[Opening Task inputs section]

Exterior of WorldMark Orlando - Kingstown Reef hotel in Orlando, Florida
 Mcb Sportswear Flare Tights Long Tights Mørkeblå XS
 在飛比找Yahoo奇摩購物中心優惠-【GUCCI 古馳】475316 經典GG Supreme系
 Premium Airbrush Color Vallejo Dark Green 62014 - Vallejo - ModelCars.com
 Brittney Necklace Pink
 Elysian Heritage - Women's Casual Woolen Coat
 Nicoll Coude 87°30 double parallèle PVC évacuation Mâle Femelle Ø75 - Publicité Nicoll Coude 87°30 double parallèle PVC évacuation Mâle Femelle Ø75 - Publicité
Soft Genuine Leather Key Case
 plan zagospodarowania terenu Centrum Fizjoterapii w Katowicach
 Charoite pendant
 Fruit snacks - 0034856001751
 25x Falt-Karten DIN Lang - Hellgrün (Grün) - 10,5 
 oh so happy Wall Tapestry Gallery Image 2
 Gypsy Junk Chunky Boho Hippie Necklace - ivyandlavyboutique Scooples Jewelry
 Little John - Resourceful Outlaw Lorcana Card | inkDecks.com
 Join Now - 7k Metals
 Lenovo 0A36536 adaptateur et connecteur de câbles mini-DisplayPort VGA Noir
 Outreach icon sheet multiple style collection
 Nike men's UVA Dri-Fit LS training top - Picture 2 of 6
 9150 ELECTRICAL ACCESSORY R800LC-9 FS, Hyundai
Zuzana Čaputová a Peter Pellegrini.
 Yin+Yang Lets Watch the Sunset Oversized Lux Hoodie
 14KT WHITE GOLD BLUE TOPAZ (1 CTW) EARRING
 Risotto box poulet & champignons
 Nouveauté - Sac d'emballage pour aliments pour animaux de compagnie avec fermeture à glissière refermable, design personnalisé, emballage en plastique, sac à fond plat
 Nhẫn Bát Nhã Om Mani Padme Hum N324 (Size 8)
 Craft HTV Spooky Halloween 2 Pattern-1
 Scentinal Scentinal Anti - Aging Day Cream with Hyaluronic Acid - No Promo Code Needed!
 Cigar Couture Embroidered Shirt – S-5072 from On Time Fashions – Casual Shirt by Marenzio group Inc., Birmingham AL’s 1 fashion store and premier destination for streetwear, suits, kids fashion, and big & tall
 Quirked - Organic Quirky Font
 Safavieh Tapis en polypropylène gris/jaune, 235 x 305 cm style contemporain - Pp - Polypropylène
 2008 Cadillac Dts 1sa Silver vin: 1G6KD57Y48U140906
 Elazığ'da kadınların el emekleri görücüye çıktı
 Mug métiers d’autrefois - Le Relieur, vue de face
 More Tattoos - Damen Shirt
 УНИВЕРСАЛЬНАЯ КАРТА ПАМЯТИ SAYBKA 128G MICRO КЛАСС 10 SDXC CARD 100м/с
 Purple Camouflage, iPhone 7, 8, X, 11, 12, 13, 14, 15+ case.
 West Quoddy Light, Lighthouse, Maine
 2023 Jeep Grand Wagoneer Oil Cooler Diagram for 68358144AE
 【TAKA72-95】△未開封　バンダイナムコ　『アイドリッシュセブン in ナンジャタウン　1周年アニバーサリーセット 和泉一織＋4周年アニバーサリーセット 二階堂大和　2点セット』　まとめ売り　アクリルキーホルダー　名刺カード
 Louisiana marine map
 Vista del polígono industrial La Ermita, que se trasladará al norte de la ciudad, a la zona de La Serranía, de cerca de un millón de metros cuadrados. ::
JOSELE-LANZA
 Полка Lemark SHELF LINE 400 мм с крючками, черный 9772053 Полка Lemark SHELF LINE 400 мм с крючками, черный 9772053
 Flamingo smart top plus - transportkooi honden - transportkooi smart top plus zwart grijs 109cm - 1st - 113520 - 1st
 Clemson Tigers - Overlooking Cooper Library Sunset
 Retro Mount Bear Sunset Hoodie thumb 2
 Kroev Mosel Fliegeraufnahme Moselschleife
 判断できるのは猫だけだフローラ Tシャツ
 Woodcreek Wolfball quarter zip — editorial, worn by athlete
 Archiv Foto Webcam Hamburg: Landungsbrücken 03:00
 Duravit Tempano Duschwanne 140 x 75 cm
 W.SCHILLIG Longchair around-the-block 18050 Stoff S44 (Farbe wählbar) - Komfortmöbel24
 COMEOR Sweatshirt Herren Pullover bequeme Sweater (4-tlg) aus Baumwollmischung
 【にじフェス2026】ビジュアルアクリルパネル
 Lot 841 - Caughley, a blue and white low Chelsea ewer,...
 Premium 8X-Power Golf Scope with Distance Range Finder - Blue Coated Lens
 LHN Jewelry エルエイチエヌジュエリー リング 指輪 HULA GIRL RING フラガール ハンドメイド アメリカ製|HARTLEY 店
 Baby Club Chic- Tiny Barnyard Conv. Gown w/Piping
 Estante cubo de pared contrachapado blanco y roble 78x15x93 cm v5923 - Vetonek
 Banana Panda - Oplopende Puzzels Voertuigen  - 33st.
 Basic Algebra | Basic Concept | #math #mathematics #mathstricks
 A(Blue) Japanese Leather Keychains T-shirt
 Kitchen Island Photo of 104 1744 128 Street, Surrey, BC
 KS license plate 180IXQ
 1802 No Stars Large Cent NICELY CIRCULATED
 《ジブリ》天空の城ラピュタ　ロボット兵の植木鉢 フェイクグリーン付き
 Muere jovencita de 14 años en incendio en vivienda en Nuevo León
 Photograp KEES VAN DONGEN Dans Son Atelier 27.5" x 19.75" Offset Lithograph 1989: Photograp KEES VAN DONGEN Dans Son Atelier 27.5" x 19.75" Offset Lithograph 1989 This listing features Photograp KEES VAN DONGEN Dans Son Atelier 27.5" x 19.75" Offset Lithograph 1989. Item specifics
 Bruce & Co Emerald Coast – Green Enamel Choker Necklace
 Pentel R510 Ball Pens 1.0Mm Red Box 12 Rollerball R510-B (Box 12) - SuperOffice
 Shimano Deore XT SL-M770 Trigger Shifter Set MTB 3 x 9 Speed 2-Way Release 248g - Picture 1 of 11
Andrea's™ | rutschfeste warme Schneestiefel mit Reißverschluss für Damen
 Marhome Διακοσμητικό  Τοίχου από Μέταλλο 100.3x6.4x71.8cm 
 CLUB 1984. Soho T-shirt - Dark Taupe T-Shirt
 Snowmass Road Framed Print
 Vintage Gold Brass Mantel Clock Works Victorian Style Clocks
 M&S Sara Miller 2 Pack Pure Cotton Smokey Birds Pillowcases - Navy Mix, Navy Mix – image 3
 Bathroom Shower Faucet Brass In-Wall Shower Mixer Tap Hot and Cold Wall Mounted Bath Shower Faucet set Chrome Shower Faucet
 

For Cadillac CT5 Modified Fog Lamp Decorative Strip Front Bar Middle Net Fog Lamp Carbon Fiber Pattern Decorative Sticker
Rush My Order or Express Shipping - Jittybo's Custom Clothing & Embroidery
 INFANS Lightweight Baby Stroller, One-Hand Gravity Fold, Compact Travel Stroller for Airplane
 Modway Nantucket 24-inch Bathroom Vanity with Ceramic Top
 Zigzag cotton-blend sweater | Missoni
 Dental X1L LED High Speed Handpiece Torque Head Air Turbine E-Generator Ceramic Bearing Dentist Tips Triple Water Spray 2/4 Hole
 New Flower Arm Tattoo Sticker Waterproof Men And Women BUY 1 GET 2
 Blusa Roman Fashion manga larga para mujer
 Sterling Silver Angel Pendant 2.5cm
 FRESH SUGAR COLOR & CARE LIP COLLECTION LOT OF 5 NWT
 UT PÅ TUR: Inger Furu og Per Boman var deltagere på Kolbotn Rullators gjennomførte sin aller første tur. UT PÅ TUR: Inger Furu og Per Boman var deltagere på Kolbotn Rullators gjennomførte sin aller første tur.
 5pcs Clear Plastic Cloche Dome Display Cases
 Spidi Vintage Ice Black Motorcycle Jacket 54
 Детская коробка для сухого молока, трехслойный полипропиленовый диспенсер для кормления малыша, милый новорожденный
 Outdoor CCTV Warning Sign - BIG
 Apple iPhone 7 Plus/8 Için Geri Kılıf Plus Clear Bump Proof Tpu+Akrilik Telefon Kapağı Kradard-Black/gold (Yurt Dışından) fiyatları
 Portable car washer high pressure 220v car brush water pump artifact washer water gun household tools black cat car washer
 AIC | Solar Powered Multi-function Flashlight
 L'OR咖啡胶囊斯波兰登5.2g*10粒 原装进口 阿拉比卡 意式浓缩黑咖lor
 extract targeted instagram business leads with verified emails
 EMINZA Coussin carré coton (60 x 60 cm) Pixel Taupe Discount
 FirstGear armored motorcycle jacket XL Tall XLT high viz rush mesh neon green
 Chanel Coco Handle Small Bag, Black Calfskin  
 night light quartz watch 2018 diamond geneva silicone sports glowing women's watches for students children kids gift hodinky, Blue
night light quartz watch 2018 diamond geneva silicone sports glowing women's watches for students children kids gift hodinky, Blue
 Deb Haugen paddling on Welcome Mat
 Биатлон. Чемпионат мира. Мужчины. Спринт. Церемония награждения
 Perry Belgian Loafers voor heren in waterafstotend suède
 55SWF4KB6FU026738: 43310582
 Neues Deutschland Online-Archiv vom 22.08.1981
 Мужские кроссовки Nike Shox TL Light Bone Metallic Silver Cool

[Closing Task inputs section]

◆ **What to work on**:
From the material above, copy exactly the lines between the line holding "JOSELE-LANZA" and the line holding "A(Blue) Japanese Leather Keychains T-shirt", inclusive, and only those.

◆ **Result of this task**:
JOSELE-LANZA
 Полка Lemark SHELF LINE 400 мм с крючками, черный 9772053 Полка Lemark SHELF LINE 400 мм с крючками, черный 9772053
 Flamingo smart top plus - transportkooi honden - transportkooi smart top plus zwart grijs 109cm - 1st - 113520 - 1st
 Clemson Tigers - Overlooking Cooper Library Sunset
 Retro Mount Bear Sunset Hoodie thumb 2
 Kroev Mosel Fliegeraufnahme Moselschleife
 判断できるのは猫だけだフローラ Tシャツ
 Woodcreek Wolfball quarter zip — editorial, worn by athlete
 Archiv Foto Webcam Hamburg: Landungsbrücken 03:00
 Duravit Tempano Duschwanne 140 x 75 cm
 W.SCHILLIG Longchair around-the-block 18050 Stoff S44 (Farbe wählbar) - Komfortmöbel24
 COMEOR Sweatshirt Herren Pullover bequeme Sweater (4-tlg) aus Baumwollmischung
 【にじフェス2026】ビジュアルアクリルパネル
 Lot 841 - Caughley, a blue and white low Chelsea ewer,...
 Premium 8X-Power Golf Scope with Distance Range Finder - Blue Coated Lens
 LHN Jewelry エルエイチエヌジュエリー リング 指輪 HULA GIRL RING フラガール ハンドメイド アメリカ製|HARTLEY 店
 Baby Club Chic- Tiny Barnyard Conv. Gown w/Piping
 Estante cubo de pared contrachapado blanco y roble 78x15x93 cm v5923 - Vetonek
 Banana Panda - Oplopende Puzzels Voertuigen  - 33st.
 Basic Algebra | Basic Concept | #math #mathematics #mathstricks
 A(Blue) Japanese Leather Keychains T-shirt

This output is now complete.